• What this task involves:
Only the lines from the one containing "w6074 Paige Way, Appleton, WI 54915 photo 16" through the last line of the material should be copied, exactly as written and without pictures.

• Information shown:
┄┄┄┄┄┄┄┄┄┄

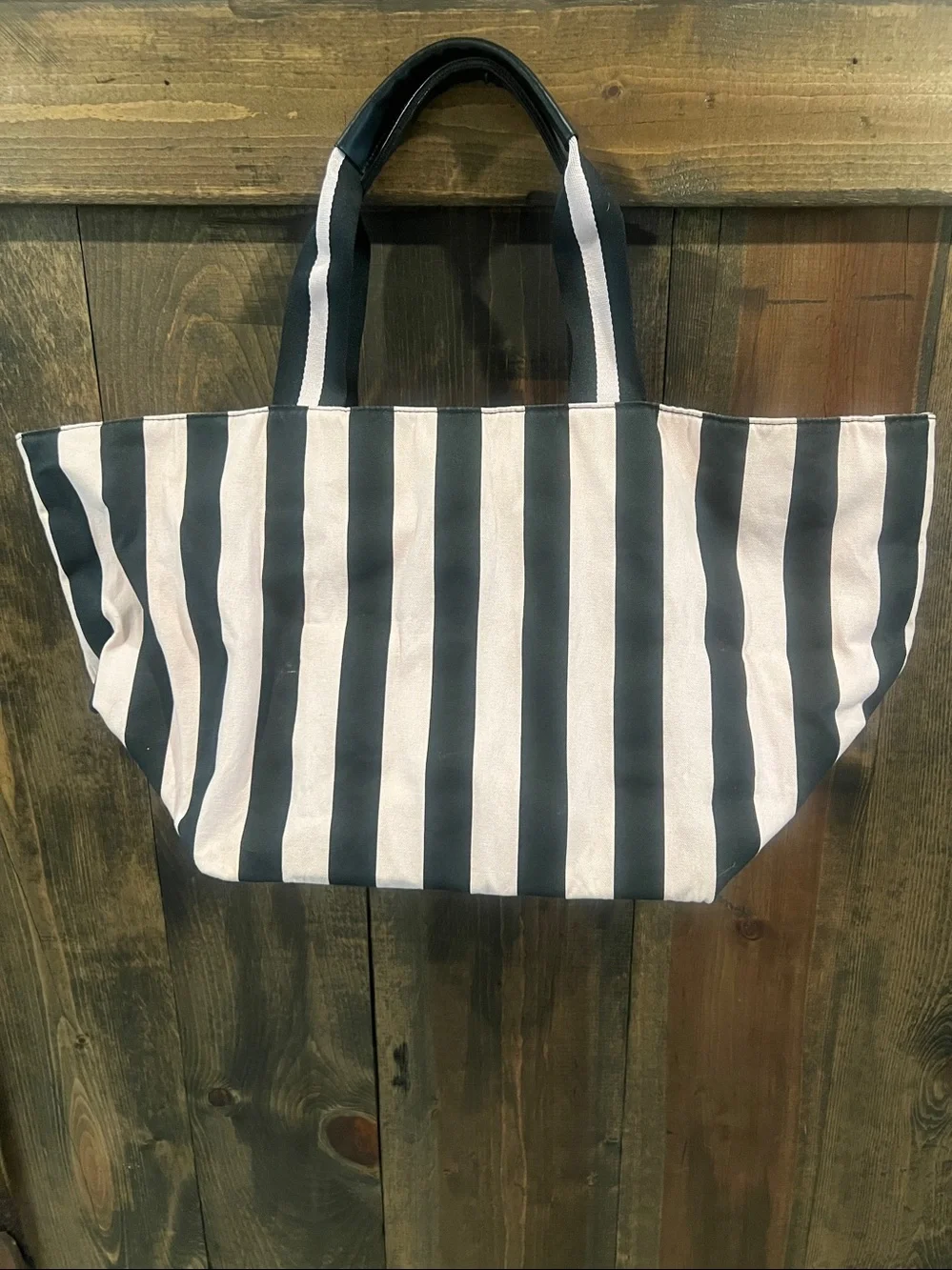 Victoria’s Secret large canvas tote with zipper closure - Picture 2 of 6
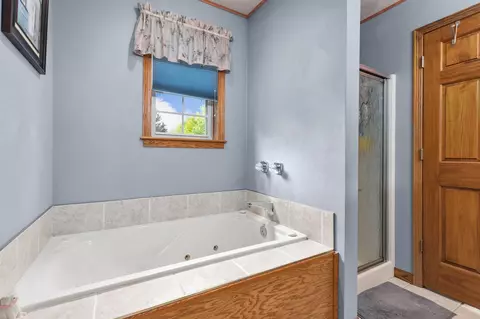 w6074 Paige Way, Appleton, WI 54915 photo 16
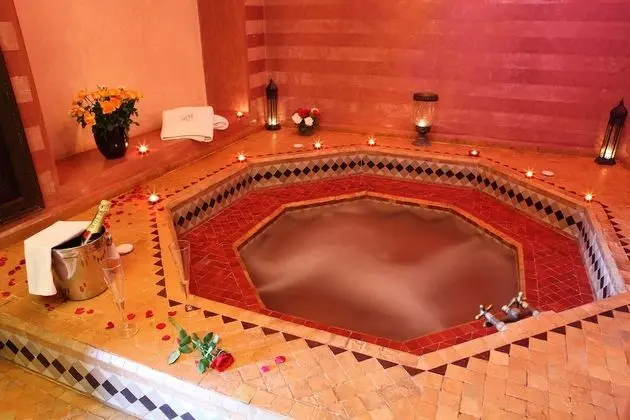 Deluxe Tek Büyük veya İki Ayrı Yataklı Oda, Sıcak Su Küveti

┄┄┄┄┄┄┄┄┄┄

• Response to the exercise:
 w6074 Paige Way, Appleton, WI 54915 photo 16
 Deluxe Tek Büyük veya İki Ayrı Yataklı Oda, Sıcak Su Küveti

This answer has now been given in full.